● **Required work**
Beneath this instruction is a listing. Transcribe from it only the stretch from the line with "From here, you" through the line with "Install and run", both end lines included, exactly as written.
┏━━
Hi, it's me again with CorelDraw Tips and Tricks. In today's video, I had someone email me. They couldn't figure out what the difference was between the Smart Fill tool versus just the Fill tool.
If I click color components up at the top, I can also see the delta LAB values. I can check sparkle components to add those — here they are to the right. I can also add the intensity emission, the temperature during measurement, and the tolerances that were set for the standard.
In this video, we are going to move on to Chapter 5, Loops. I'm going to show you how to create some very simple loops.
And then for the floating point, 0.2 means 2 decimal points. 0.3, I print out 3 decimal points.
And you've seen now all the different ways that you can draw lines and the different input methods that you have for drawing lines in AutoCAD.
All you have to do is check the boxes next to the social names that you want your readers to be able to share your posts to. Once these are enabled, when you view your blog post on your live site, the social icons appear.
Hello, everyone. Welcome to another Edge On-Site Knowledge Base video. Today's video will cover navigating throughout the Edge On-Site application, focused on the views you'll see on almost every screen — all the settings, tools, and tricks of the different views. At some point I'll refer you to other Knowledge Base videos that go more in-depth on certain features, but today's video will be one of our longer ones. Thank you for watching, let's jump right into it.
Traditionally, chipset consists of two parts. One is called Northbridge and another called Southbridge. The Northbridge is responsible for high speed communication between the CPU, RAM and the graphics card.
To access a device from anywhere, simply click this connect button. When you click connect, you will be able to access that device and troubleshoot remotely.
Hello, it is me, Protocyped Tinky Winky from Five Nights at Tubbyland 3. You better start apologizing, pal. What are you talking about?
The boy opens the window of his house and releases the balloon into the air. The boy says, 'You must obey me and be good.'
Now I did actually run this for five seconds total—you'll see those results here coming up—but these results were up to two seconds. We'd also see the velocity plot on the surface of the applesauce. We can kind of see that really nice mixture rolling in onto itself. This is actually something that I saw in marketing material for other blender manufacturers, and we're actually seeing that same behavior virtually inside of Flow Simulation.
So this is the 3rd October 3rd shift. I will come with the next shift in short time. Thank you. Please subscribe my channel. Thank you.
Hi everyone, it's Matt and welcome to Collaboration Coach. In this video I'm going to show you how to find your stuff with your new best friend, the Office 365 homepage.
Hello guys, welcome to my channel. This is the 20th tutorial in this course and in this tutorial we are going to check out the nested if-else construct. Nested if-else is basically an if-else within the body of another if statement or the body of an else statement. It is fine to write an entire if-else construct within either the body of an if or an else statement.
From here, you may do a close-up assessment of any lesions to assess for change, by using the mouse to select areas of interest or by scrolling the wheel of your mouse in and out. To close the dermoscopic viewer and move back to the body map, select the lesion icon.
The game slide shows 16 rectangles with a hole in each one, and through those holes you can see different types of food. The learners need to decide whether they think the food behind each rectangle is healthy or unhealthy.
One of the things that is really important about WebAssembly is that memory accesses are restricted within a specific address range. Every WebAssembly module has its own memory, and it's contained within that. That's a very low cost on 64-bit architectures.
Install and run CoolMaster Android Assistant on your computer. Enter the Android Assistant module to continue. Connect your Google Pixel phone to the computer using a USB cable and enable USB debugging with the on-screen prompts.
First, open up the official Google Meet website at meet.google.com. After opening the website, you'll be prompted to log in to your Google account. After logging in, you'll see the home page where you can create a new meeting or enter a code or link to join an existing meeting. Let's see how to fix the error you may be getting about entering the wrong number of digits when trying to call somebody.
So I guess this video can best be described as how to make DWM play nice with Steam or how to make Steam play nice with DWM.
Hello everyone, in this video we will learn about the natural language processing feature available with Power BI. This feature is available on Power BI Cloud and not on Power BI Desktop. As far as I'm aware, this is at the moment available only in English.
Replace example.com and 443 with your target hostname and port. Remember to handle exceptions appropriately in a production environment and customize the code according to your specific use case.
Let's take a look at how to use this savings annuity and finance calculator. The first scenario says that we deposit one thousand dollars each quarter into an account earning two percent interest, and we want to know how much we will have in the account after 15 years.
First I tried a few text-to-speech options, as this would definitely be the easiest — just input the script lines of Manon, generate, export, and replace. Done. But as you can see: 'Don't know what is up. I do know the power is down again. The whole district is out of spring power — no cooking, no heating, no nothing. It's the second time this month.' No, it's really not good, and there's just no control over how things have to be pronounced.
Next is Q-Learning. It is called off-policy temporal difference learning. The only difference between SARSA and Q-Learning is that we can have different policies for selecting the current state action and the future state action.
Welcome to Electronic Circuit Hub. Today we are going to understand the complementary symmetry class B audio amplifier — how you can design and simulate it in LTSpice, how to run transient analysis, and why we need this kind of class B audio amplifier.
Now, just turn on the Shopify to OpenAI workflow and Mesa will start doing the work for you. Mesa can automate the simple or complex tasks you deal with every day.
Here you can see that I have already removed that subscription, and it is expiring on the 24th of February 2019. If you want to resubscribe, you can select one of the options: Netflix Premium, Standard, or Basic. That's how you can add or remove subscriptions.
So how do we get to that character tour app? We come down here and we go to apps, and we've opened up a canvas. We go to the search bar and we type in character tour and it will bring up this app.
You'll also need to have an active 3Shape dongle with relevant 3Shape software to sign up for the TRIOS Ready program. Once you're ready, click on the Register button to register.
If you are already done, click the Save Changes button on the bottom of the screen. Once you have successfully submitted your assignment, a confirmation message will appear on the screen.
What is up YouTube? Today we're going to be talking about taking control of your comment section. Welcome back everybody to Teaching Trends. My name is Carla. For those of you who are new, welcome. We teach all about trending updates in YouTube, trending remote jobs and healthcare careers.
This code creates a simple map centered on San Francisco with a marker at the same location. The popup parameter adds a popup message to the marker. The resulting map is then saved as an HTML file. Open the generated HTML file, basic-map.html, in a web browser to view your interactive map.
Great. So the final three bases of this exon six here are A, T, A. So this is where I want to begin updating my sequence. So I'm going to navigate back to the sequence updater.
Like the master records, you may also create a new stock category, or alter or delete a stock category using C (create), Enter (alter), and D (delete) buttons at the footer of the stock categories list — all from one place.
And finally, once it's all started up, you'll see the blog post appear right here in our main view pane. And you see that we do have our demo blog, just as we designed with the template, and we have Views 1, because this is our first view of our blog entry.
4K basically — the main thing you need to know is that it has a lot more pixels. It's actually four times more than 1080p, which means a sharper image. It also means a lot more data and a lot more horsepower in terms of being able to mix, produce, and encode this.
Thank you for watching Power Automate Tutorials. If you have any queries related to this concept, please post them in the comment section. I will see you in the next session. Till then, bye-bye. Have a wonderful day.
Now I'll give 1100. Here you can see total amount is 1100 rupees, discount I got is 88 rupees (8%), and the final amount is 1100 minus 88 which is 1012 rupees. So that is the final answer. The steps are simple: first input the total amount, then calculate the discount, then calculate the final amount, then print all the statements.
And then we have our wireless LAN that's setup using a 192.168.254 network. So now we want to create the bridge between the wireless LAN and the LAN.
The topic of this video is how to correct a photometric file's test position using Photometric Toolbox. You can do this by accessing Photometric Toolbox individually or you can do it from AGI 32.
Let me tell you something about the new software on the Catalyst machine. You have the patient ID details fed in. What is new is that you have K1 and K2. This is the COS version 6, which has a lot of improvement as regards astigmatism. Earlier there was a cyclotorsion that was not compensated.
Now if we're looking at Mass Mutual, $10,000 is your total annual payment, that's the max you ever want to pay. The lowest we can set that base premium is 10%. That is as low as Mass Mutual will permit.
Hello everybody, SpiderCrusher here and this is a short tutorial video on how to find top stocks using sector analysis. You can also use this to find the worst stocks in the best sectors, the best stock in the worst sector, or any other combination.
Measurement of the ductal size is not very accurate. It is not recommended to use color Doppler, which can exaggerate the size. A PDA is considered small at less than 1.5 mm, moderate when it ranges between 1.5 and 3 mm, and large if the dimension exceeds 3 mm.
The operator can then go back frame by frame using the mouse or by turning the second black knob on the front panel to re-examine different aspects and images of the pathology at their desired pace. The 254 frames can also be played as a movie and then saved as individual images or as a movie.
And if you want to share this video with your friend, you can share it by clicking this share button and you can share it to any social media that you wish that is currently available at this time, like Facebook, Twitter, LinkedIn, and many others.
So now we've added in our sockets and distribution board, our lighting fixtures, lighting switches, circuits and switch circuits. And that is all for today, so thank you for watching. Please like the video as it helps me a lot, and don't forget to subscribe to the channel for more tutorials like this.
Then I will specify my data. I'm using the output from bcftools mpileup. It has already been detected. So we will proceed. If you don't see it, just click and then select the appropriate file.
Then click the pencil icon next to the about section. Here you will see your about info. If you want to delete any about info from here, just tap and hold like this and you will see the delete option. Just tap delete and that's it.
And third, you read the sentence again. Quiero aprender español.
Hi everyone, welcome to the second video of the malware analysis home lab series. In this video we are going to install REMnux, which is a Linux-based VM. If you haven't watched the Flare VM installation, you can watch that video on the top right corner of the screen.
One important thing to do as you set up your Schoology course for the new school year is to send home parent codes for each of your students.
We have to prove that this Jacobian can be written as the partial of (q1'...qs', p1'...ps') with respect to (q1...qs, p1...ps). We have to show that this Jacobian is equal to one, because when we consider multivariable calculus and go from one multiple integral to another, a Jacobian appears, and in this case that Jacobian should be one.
┗━━
● **Problem solution**
From here, you may do a close-up assessment of any lesions to assess for change, by using the mouse to select areas of interest or by scrolling the wheel of your mouse in and out. To close the dermoscopic viewer and move back to the body map, select the lesion icon.
The game slide shows 16 rectangles with a hole in each one, and through those holes you can see different types of food. The learners need to decide whether they think the food behind each rectangle is healthy or unhealthy.
One of the things that is really important about WebAssembly is that memory accesses are restricted within a specific address range. Every WebAssembly module has its own memory, and it's contained within that. That's a very low cost on 64-bit architectures.
Install and run CoolMaster Android Assistant on your computer. Enter the Android Assistant module to continue. Connect your Google Pixel phone to the computer using a USB cable and enable USB debugging with the on-screen prompts.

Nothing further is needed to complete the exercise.